Palomar by Jennifer Anthony
But who would watch out for her?
Legs grousing with every step, she walked down the stairs and into the back yard. She closed her eyes, inhaled the fresh air, and had just begun to flap her arms when she heard careful footsteps.
Paloma peeped one eye open to find Heather standing behind her. Sighing, she squeezed her eye shut again and pretended not to notice. Her feet were singing now, and it would not be long before they gave out altogether. There was nothing to lean her weight on out in the middle of the yard.
“So what will you tell your grandmother?” Paloma asked her.
“I won’t say anything,” the girl said. “On one condition. That you let me fly over here at night,” the girl said.
“Carajo!” Paloma cried. “Absolutamente no.”
The girl snickered. “My grandma swears in Spanish, too! You’re kinda alike, except your accent is better.”
“Saturdays,” Paloma muttered.
“Weekends,” Heather countered.
“Okay,” Paloma said. “But only for a few hours, each night. And then you go home and sleep in your own bed.”
“Yes, yes, yes!” The girl frisked around the dark yard, jumping and leaping.
Paloma resumed the flapping. She shed the weight, the gravity, and the pain. Lifted into the air. Zoomed and zipped over the roof, above the trees, and down and across the grass. Landed.

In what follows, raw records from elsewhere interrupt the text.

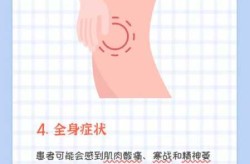 新病毒的最新消息有什么症状（近期出现的病毒叫什么）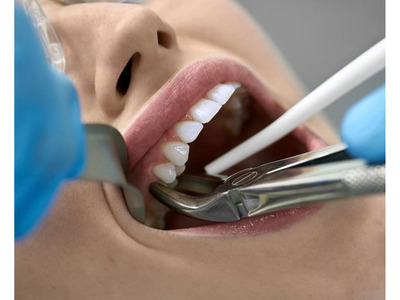 Ceramic dental implants los angeles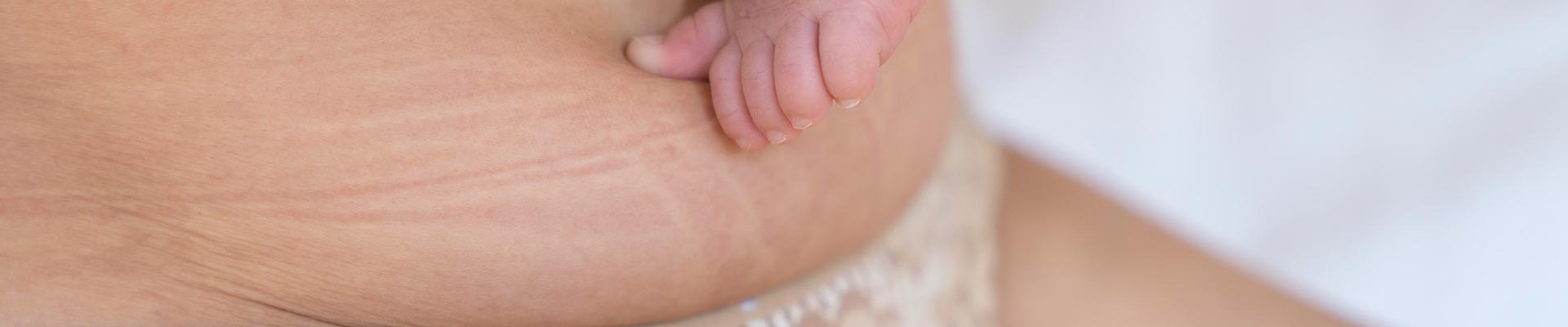 Stretch marks after pregnancy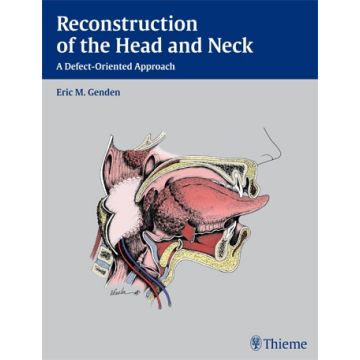 Reconstruction of the Head and Neck. A Defect-Oriented Approach  Genden Eric M.  Thieme Medical Publishers  9781604065763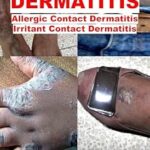خرید و دانلود نسخه کامل کتاب Contact Dermatitis (Dermatology)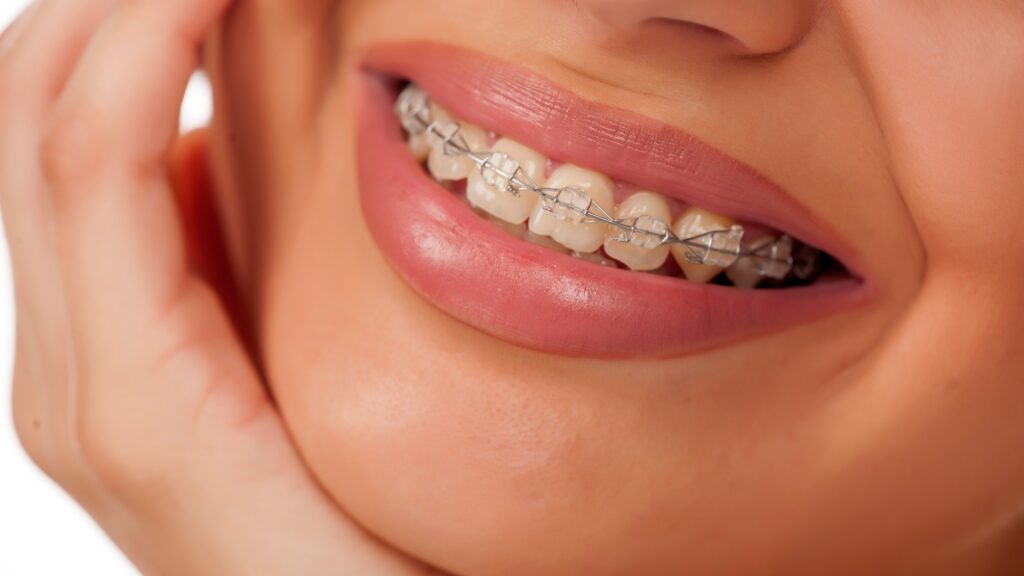 Cuidar tus brackets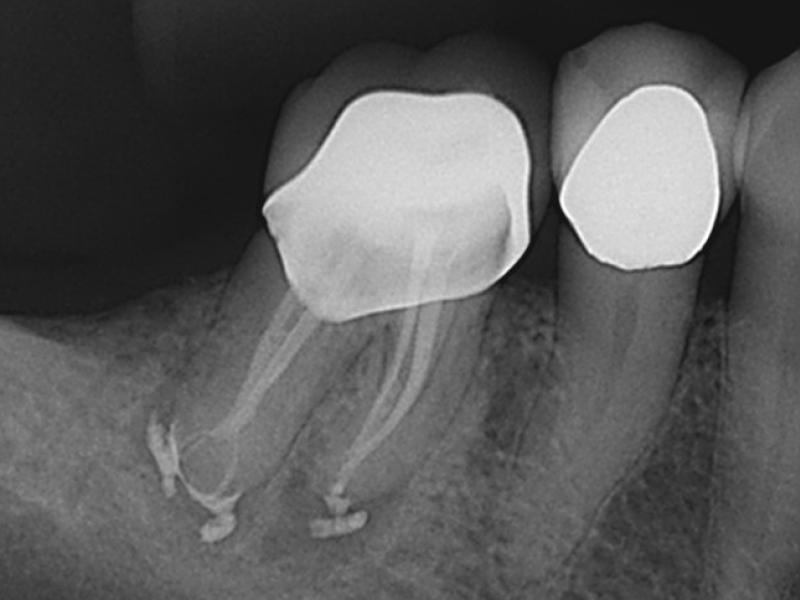 Calcified Canals with Healing Evidence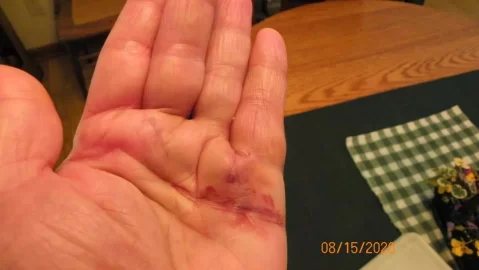 [Hearth.com] Dupuytren's Contracture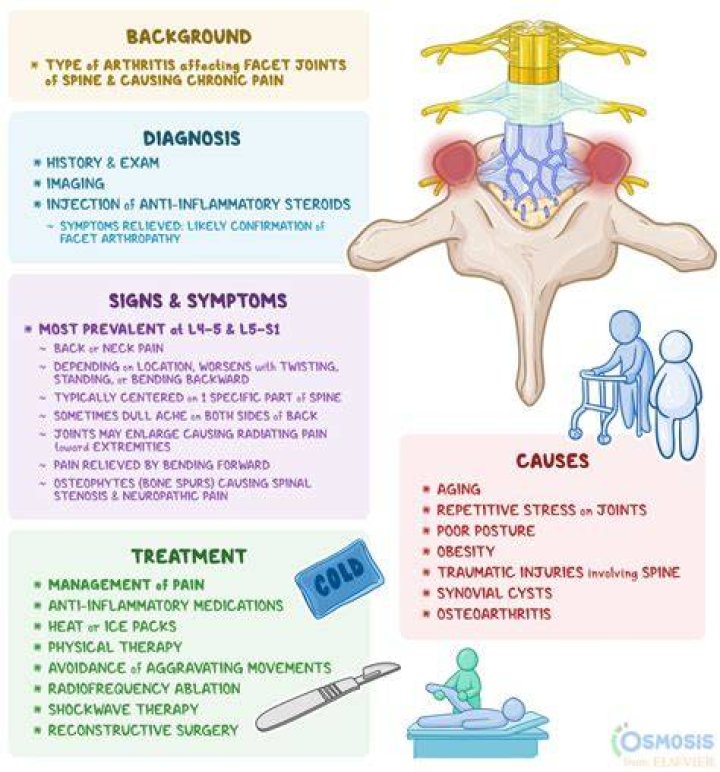 Facet Arthropathy Causes, Symptoms & Treatments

Another bird stood on the lawn, white feathers tight and shaking, blue eyes glowing in the dark. Paloma waddled toward it, launched herself into the air, and circled back a few times. After three loops, the bird mustered enough courage to follow, and they soared, together, in the night sky.
It was Sunday. The child might return Friday night.
I can make it, Paloma thought. Just five days.